I arrived home in the wee hours of Tuesday morning after a truly amazing study trip to Paris. Eighteen of us spent two weeks examining the performance of Frenchness through food. As you might imagine, we ate quite a bit in the process. We did not, however, encounter fresh vegetables in the quantity that Food Studies scholars are accustomed to eating. By day four, we were all obsessing about dark leafy greens, which were nowhere to be found.
What we did encounter was bread. There were crusty baguettes from the anarchist collective, rustic country loaves steeped in a studied old world charm, slender and elegant ficelles, impossibly buttery croissants a mere three blocks from our uninspired hotel, luscious eggy brioches encased in glass bells, and a particularly memorable seed-encrusted whole wheat loaf that we consumed in an impromptu picnic on the steps of the Musee d’Orsay.
But one bread emerged as the clear winner. My final day in Paris found me stashing my suitcase in a locker and (finally) mastering the bike share system with a single goal. I traveled from the 15th to the 10th arrondissement to purchase a hunk of Du Pain et Des Idees‘ sublime pain des amis.
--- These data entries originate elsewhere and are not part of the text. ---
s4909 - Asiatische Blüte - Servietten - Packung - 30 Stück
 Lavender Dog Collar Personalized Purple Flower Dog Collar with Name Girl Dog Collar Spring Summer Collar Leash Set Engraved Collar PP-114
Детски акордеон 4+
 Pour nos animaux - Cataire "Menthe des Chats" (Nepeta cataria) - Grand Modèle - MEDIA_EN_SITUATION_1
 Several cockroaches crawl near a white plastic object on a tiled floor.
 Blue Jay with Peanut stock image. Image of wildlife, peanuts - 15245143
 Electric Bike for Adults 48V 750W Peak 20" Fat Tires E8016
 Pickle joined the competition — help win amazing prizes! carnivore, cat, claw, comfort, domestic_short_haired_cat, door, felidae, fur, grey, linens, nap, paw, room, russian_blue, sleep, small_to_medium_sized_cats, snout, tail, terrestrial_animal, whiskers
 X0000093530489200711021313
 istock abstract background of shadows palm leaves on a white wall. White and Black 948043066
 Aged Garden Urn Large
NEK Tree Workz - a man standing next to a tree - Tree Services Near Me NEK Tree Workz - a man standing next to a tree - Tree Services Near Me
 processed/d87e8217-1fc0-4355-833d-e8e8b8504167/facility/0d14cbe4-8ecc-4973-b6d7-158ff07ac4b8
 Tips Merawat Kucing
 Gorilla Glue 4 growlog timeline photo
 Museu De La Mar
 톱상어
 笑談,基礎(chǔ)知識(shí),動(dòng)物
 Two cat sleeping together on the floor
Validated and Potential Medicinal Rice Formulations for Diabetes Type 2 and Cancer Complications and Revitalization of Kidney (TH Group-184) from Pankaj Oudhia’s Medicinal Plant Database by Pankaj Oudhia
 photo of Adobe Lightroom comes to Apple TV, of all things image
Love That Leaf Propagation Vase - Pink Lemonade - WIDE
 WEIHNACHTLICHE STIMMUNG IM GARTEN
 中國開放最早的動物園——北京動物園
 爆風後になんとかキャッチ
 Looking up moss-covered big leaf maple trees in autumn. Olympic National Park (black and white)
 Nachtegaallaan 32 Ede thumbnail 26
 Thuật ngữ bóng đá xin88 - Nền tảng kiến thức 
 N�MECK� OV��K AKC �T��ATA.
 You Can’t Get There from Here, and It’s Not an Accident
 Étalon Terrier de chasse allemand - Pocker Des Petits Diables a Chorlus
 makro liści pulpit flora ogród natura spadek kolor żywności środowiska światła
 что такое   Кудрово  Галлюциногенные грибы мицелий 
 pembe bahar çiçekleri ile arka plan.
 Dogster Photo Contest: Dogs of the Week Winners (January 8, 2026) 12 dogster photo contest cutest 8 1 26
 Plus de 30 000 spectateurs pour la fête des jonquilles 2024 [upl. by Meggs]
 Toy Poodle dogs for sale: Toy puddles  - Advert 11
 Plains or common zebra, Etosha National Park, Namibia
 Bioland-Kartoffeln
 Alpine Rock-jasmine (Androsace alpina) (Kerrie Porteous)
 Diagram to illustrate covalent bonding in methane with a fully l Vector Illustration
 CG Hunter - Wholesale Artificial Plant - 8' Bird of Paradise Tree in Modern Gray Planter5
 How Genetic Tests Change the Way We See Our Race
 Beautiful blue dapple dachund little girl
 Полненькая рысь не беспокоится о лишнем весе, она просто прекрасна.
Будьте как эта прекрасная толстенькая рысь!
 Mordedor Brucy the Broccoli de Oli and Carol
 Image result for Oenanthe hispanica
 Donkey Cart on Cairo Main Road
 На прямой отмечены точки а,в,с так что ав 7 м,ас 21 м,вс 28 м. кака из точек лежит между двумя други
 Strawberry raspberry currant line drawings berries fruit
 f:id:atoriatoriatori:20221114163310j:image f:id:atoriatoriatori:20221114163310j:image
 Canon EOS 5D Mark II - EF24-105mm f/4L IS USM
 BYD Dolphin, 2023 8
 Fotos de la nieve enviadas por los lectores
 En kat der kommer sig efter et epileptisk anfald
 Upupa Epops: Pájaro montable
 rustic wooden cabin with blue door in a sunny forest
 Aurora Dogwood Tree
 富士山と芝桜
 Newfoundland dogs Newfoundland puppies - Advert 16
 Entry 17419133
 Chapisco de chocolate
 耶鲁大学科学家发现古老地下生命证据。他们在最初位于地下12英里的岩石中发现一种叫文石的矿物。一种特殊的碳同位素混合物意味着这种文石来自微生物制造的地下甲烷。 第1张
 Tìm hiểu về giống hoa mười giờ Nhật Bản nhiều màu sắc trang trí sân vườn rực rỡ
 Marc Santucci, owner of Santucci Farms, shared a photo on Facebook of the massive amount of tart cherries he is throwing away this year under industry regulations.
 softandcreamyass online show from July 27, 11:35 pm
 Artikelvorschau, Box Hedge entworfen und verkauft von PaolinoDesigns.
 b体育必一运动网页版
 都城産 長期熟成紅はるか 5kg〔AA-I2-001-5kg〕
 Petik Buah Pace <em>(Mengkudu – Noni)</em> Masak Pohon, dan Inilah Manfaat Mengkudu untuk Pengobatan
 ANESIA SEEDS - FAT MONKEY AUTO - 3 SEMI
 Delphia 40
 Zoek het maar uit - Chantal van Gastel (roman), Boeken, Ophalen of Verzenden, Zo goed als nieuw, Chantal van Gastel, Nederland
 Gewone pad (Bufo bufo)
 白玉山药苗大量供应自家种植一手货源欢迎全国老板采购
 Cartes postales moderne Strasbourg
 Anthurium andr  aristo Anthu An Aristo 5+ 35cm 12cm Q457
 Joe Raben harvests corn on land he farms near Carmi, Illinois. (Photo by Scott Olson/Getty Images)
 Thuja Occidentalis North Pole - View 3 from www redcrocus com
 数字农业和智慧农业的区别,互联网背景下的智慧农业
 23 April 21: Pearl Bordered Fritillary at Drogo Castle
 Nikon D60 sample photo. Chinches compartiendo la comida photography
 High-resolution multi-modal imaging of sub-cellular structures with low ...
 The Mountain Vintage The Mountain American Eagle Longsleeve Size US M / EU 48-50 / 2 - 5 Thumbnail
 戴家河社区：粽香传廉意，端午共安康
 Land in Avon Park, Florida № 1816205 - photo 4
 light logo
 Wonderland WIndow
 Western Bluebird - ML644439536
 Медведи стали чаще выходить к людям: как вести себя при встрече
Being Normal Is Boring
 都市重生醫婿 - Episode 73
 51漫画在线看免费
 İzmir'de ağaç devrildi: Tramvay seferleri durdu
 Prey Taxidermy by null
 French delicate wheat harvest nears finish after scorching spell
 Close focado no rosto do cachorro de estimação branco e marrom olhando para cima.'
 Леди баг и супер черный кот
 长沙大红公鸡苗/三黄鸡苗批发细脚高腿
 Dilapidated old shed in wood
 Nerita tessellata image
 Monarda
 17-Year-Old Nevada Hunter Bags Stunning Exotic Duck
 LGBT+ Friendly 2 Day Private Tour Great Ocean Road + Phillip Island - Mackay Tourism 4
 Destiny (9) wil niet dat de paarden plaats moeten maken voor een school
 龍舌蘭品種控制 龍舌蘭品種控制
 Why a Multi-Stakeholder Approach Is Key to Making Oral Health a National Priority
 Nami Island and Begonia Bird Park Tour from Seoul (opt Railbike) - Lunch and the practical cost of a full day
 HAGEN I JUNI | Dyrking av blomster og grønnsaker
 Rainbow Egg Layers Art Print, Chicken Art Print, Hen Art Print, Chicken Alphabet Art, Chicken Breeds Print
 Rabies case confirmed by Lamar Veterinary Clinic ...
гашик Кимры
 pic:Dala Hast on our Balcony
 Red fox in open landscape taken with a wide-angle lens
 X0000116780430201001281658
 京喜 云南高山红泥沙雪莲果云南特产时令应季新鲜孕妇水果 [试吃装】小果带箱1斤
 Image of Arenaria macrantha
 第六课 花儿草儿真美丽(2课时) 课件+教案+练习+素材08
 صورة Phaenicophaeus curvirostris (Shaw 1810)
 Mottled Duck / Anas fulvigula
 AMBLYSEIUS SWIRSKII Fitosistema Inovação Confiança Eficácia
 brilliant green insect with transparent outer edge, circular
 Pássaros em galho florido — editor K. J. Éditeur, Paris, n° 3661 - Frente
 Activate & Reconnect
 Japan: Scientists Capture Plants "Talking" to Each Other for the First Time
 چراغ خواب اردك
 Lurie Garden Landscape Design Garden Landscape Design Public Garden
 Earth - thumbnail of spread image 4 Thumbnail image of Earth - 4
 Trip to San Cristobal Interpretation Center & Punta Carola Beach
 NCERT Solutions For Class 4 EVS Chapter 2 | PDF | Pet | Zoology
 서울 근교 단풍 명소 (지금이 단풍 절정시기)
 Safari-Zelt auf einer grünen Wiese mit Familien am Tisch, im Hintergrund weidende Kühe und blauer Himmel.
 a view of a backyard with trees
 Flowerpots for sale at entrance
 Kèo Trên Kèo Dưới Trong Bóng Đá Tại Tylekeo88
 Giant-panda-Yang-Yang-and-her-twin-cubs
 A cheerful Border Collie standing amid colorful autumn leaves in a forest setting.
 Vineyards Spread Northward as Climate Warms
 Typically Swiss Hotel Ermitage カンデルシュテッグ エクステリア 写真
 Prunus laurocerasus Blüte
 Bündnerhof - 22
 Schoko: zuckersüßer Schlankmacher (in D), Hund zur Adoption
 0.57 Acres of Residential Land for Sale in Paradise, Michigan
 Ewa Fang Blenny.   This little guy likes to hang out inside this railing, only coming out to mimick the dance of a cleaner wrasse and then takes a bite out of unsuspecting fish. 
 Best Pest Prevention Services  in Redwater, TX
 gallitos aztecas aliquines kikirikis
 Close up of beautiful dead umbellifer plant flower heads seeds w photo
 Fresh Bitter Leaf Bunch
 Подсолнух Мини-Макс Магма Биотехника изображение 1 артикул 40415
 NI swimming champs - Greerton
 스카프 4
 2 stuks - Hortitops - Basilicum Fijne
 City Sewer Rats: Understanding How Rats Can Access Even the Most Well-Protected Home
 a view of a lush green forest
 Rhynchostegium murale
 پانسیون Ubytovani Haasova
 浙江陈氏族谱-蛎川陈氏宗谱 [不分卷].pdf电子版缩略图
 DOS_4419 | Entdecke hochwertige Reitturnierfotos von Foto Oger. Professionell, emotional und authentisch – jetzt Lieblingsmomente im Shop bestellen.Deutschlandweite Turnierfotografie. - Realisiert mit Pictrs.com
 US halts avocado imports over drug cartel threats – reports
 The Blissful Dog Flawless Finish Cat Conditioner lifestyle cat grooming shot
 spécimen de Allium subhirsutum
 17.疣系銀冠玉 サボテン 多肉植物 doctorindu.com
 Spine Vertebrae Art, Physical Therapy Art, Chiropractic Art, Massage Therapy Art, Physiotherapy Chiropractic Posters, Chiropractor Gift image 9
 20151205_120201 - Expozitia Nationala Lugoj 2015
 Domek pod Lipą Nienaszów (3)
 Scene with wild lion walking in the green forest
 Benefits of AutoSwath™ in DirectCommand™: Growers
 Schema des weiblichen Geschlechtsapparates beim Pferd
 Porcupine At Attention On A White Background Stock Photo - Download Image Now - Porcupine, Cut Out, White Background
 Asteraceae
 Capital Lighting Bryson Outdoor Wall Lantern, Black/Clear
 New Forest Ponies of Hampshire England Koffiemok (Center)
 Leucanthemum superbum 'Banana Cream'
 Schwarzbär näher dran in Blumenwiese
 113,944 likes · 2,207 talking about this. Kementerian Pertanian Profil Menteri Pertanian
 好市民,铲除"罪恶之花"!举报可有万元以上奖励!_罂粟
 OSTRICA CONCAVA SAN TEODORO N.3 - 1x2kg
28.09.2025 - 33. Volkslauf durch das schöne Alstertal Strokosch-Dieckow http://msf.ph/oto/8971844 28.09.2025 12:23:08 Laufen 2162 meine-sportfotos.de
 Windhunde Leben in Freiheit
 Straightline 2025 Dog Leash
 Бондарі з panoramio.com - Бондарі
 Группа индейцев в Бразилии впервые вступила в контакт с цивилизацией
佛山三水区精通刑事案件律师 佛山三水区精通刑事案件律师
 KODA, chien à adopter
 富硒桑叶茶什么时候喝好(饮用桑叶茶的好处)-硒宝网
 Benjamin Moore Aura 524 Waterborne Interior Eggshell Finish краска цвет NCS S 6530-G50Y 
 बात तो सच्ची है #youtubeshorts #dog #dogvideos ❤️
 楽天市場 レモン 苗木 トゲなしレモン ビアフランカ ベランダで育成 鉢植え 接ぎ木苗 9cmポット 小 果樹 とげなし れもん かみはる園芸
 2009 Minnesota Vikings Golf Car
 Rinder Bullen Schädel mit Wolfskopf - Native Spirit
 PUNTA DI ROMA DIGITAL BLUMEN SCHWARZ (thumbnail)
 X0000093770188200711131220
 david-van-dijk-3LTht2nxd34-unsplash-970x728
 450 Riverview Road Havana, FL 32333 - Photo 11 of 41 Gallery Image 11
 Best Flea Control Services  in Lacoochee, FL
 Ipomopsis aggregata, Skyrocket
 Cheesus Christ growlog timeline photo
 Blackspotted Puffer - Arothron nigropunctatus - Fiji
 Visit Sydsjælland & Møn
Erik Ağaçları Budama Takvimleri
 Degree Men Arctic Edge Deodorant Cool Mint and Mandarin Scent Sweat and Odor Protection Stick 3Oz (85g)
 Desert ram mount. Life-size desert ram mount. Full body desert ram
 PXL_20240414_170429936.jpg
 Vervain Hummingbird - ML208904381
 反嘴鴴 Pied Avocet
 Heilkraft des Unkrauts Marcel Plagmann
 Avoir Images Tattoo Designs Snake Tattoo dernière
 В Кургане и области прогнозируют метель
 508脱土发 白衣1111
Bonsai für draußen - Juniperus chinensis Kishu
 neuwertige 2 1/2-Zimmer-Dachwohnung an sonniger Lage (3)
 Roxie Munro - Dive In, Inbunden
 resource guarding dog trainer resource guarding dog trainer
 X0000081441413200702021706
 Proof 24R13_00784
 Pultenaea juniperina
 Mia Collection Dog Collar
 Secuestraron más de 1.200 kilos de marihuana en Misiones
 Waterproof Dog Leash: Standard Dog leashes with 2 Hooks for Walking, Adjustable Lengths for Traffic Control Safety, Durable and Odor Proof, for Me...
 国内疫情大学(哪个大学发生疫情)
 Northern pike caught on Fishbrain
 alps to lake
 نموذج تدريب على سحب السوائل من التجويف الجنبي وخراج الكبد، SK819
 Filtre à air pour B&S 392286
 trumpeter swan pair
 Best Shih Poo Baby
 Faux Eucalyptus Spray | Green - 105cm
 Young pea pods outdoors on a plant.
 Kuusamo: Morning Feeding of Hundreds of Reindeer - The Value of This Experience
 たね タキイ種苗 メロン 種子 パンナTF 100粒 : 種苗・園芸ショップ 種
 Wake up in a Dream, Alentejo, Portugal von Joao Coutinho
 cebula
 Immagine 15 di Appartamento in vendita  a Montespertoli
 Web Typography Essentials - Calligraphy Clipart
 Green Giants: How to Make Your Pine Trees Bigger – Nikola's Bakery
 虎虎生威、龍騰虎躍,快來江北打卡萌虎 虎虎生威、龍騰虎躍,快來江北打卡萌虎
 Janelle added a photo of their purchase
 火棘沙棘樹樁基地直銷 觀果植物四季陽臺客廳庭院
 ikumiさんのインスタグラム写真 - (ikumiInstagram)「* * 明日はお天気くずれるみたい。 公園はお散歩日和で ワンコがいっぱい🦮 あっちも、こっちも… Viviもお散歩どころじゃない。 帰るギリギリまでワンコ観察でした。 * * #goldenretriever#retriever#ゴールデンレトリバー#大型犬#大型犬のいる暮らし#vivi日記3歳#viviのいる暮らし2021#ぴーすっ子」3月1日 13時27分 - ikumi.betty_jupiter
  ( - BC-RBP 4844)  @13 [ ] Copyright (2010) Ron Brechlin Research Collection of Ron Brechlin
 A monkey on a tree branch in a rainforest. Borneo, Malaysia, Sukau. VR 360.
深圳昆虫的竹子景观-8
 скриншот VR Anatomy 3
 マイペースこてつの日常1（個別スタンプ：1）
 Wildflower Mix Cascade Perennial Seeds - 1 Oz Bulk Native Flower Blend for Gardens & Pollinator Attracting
As those who have had occasion to dine with me know, I’m not much of a bread eater. It can be helpful for transporting sandwich fillings into your mouth or sopping up egg yolk, but I prefer to take my cheese straight, or perhaps with a crisp apple slice. Bread fills space in one’s stomach that could be devoted to more tantalizing fare. Or so I thought before I encountered pain des amis. This nutty, toothsome loaf with its confounding bacon aroma is good all by itself. It is even better, I have learned, toasted in a dry cast iron skillet.
The pain des amis and I survived a rather harrowing bike ride on some of Paris’ main thoroughfares, a painfully expensive taxi to Charles de Gaulle airport, a troubling but comical security encounter involving two kilos of artisanal flour, a missed connection in London, a delayed flight, and an even pricier cab ride home from Newark (which was not our intended destination).
Staying awake until a suitable bedtime was about all I was good for on Tuesday. (Well, that and some cat cuddling.) I headed out around 5:30 to pick up my weekly CSA share and nearly wept at the site of all those vegetables. I had some truly spectacular food in Paris. I did not, however, encounter any kale. I returned home eager to introduce my pain des amis to all of this fresh produce.
Summer Squash & Kale Bruschetta
- 2 scallions
- 3 thin slices good bread
- 1 medium summer squash
- 5 stalks purple kale
- 1 ounce feta cheese
- 6 basil leaves (mint or parsley would also be great)
- 1 1/2 tablespoons good quality olive oil
- 1/2 lemon (zest and juice)
- pinch Aleppo pepper (or a little less red pepper)
- salt and pepper
- Bring a cast iron skillet up to medium low heat with half a tablespoon of olive oil. Trim and reserve the dark green portion of the scallions. Slice the white and light green portions lengthwise into strips. Cook, flipping occasionally, until limp and starting to brown. Sprinkle with salt and remove from pan.
- Place bread slices into pan and allow to toast, flipping as needed, while you go about the next steps.
- Using a vegetable peeler, shave long ribbons of summer squash into a small bowl. Slice the kale as you would for a slaw and add this to the bowl along with the feta, remaining olive oil, lemon juice and lemon zest, Aleppo pepper, and salt and pepper. Mince the scallion greens and fresh herbs. Add these plus the cooked scallions. Stir to combine and let sit for at least five minutes to allow the flavors to meld.
If you were serving this as an hors d’oeuvre, I would recommend piling the kale and squash salad onto small pieces of toast and serving immediately. I went for a deconstructed bruschetta, which ensured that the bread didn’t get soggy before I ate it.